Hello Seasgrace and welcome to the forum!


----------



## kaseyisrad (Sep 20, 2008)

Welcome Seasgrace, good to have you here!


----------



## SparkyLT (Sep 20, 2008)

Heya and welcome, Seasgrace. I love your name; it gives me the mental image of a mermaid. Hope you enjoy the forums.


----------



## Tiamat (Sep 20, 2008)

Hey there Seasgrace and welcome to WF!  Glad to have you!


----------



## Nickie (Sep 21, 2008)

Welcome to the forum, Seasgrace!


Nickie


----------



## Seasgrace (Sep 21, 2008)

Thank you all so very much for the welcome!
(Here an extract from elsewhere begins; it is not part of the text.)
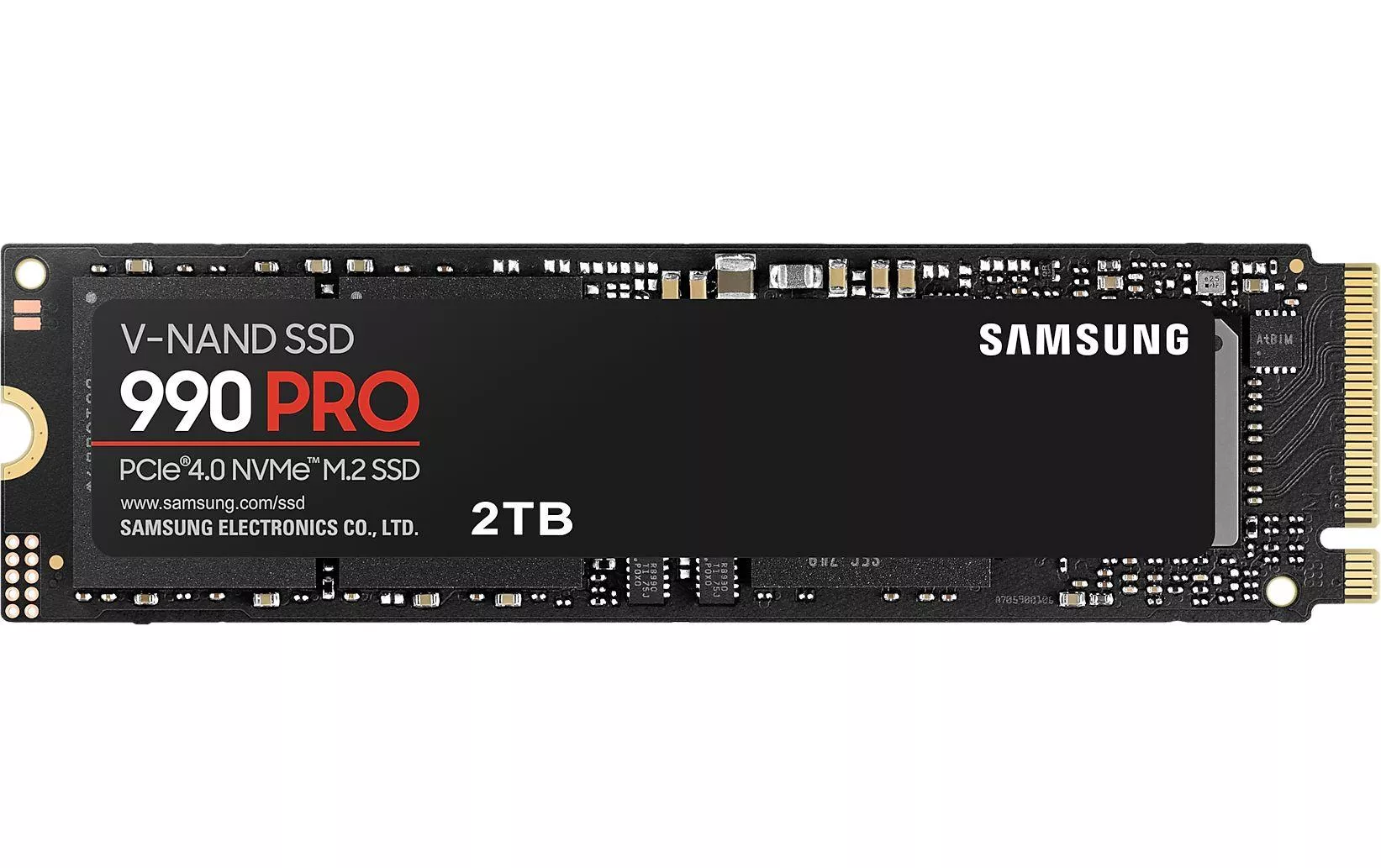 SSD 990 PRO M.2 2280 NVMe 2000 GB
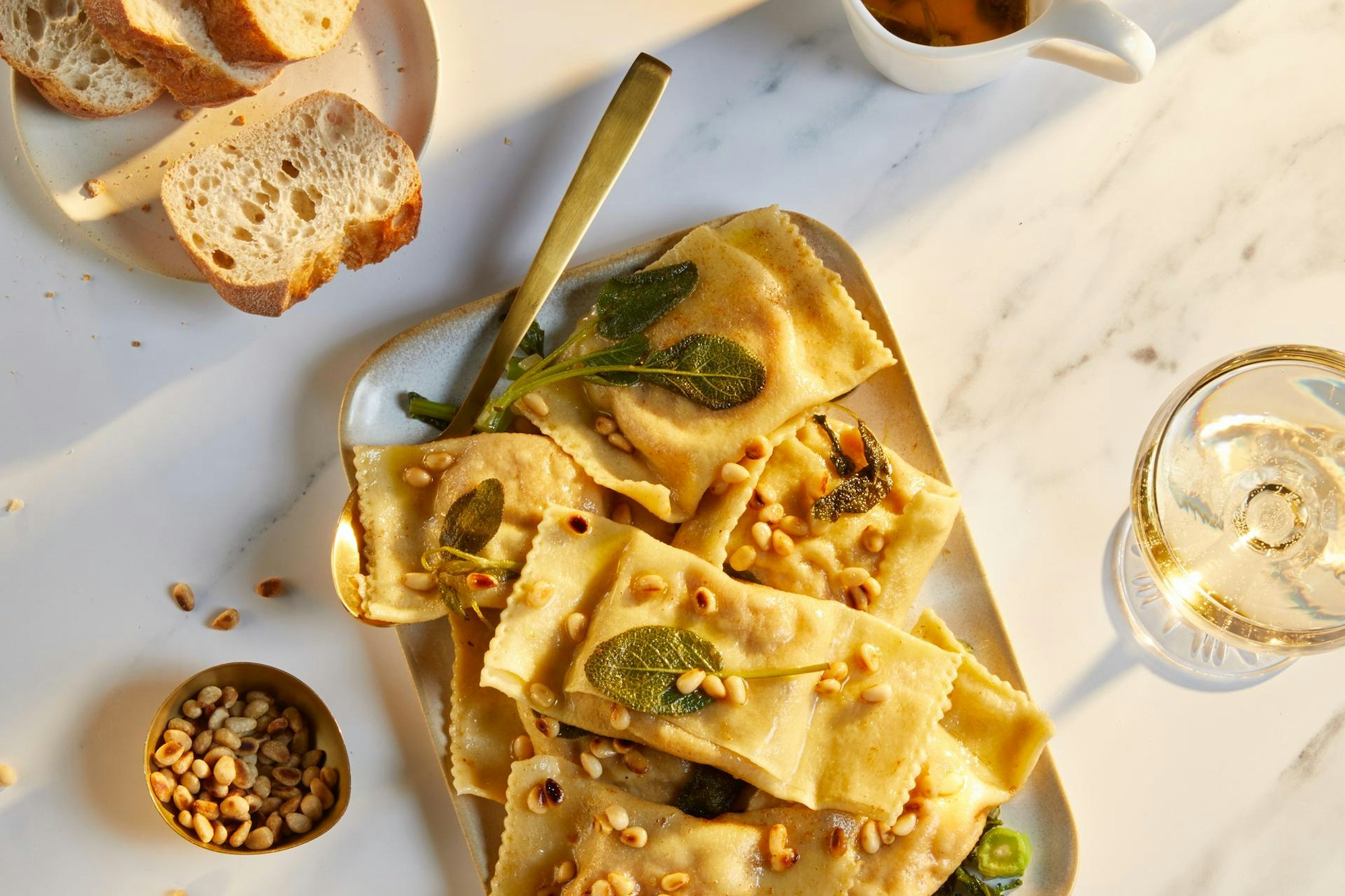 Kuerbisravioli-quer I Foto Jennifer Braun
I was hesitant about joining, as I do not have any formal educational background when it comes to writing. Writing is something I have always enjoyed, and often express it with poetry. Hopefully I will learn to expand my style and type of writing. Thank you all once again. I look forward to posting with you. 

Seasgrace


----------



## Tiamat (Sep 21, 2008)

Don't worry, you don't need an education to write.  That's a common misconception, usually spread by failed writers (many of which have college degrees )


----------



## wacker (Sep 22, 2008)

Welcome to the forum.


----------



## terrib (Sep 22, 2008)

hey seasgrace...welcome


----------



## Shinn (Sep 22, 2008)

Hello and welcome to WF.


----------



## Seasgrace (Sep 26, 2008)

Sorry, been away a bit. Thank you again for the new welcome addons.   Seas


----------